A wizardling? No! "I am no witch," he hissed, tugging at his shirt and revealing the crude, carved wooden cross he wore about his throat. "I am a faithful son of the Church." He squirmed, trying to escape the heavy grip on his shoulder, but it would not loosen.
Those strange yellow eyes gleamed with sardonic amusement. "Faith has nothing to do with it, boy. It's blood that matters. Who are your parents?"
Godric flushed, and looked away, swallowing convulsively. He had no parents. For as long as he could remember, he'd lived in this small village, an orphan boy forced to live on his own wits. The priest had named him Godric, and he'd named himself Gryffindor, a strong name, a heroic name.
It was the only thing he had, the only thing that could not be taken away from him.
"I have no parents," he said stiffly, squaring his shoulders and looking the stranger right in the eyes. "I am myself."
"So," Salazar said, impressed by the boy's determination. He slackened his grip, allowed him to squirm away, knowing he would not bolt. "You will not live up to that name here, in this small village."
Godric Gryffindor shrugged rebelliously. He was, Salazar thought, about twelve years old, not quite out of boyhood yet. By the look of him, when he was grown he would be as tall and strong as the rest of his cursed Saxon countrymen.
"When I'm big enough, I'll leave.
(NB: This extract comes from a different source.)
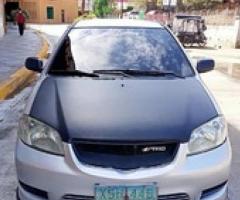 Toyota Vios 2005, Manual, 1.3 litres - Manila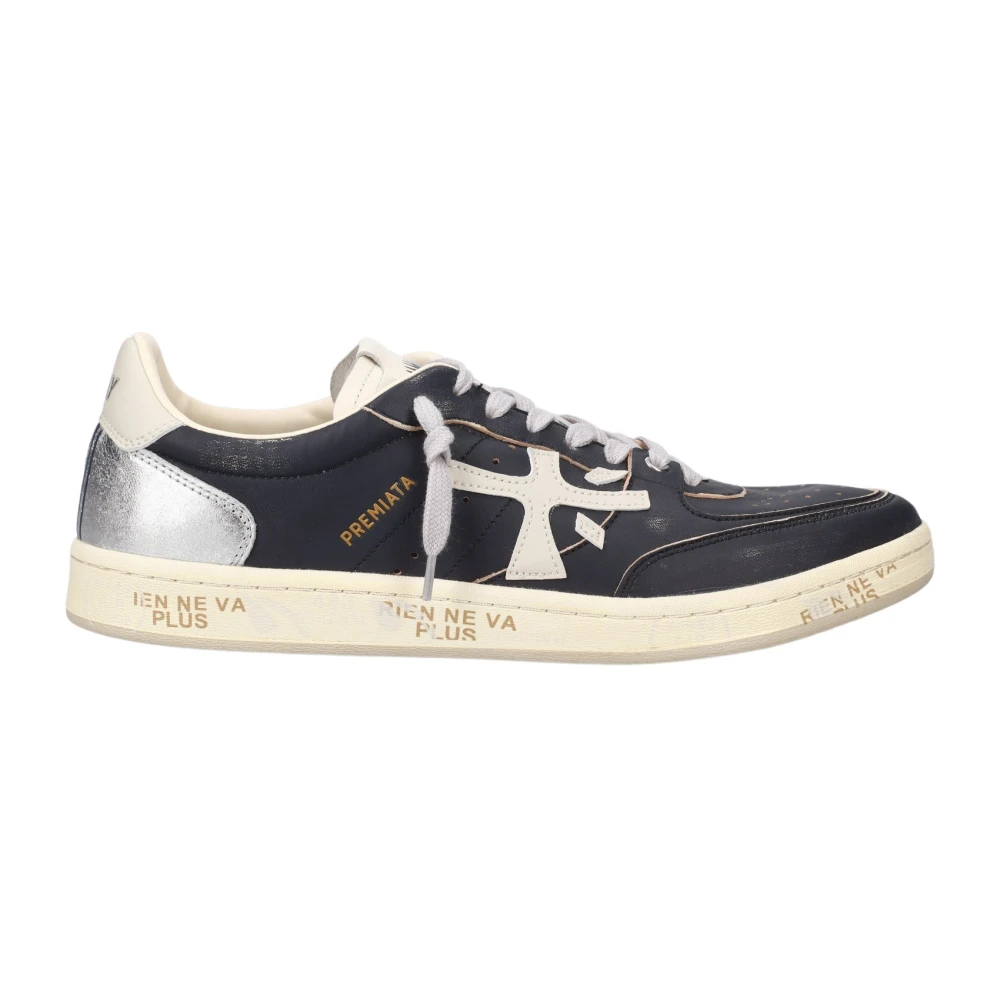 Premiata Basket Clay 7258 Heren Schoenen Blauw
I'll find my way to the King, and lay my sword at his feet–" Caught up in his fantasies, the boy vibrated with intensity, his pinched, childish face vivid with energy and excitement. "But," he trailed off, deflating a little, "I do not know the way."
"South," Salazar said dryly, "and east of here."
"You know the King's house?" Godric asked excitedly. "You know the way? Have you seen him? Is he as tall as they say in the tales?"
"I have seen the king, once. But he has no love for our kind, young Gryffindor, nor any wish to believe us more than tales."
The boy brushed this warning aside with blithe disinterest. Nor did he react in any way to the words 'our kind'. "Can you take me to him? Will you take me with you, on the road?"
"I am not going that way, boy. I am going home."
"Oh." The disappointment in those clear blue eyes was almost comical. "But –"
Salazar, hardened, bitter and cynical, found himself softening. He hardened his heart, deliberately recalling all the old, terrible memories of war, betrayal and slaughter, reminding himself the boy was Saxon kind and raised amongst Muggles.
"When you are old enough, Godric Gryffindor, I have no doubt you will achieve everything you wish for." In his experience, such success was often double-edged. "Remember – south and east."
He turned on his heel and walked away, rejoining the milling crowd in the busy marketplace.
"Wait!" he heard the young voice shout. "Wait – sir." Swift, impatient footsteps forced their way through the crowd behind him, and with a sense of inevitability, he knew that he would never be free of the boy, now.
On the hinge of such meetings, Fate turned –
"Take me with you," the boy begged. "At least part of the way – I won't be a burden, I swear. I can find my own food, and look after myself…"
Salazar did not turn around. However, he slowed his pace and allowed Godric to catch up.